A brief disclaimer - the video I've included here is with TAGLIATELLE, which is my preferred variation, if you can't get hold of PICI. Also, note that the quantities here are for a large batch of sauce - in our house it's normally enough for 2 meals of 3-4 portions each - or a pasta meal and then the rest gets frozen for lasagne etc.


Begin by chopping the garlic, onion, celery and carrots reasonably finely - I normally dice everything by hand to about 5mm cubed size or thereabouts. This is what you'll see referred to as the 'soffritto', which is just a mix of those vegetables, lightly fried in EVO for around 15 mins, on a low heat. Start with the carrots, then add celery and then add onion.

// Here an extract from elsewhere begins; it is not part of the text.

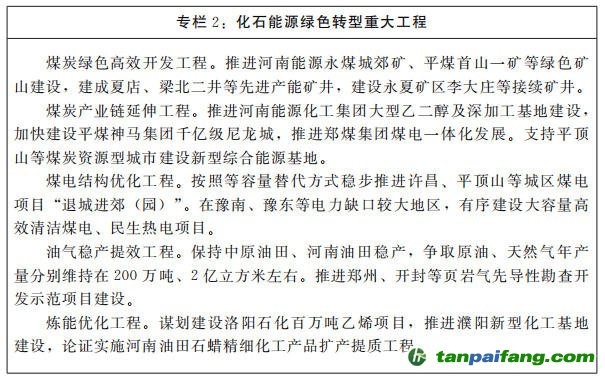 河南省人民政府關于印發河南省“十四五”現代能源體系和碳達峰碳中和規劃的通知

Don't colour or burn the vegetables at all. While the soffritto is going I normally dry fry the meat, or sometimes with a splash of EVO, in a separate pan. A separate pan because once it's all begun to change colour I turn the heat up briefly, add a splash of wine, and then continue cooking until it evaporates, or until you can't smell it strongly anymore. Then I add the meat to the vegetables, stir and cook together for a few minutes, then add the polpa, and bring back to a simmer. At this point you can crumble the stock cube into the sauce and throw in half a dozen fresh basil leaves.


After 10 minutes or so of simmering, when the cube has melted, check for seasoning and add salt / ground black pepper and freshly ground nutmeg. I like to have an obvious hint of nutmeg as it's more of a Tuscan hallmark than in other regions of Italy. Funnily enough, this is one ingredient that my mother DIDN'T always add to her own ragùs. I've no idea why. Maybe my father didn't like the taste.


Let the ragù continue to cook gently, maybe adding some extra water if it starts to dry up too much, for anything from 90-120 mins. You may have heard of some people cooking ragùs for ridiculously long periods of time like 4-6 hours.... I'm yet to be convinced that you need more than 2 - 3 hrs to create a perfectly acceptable sauce with mince.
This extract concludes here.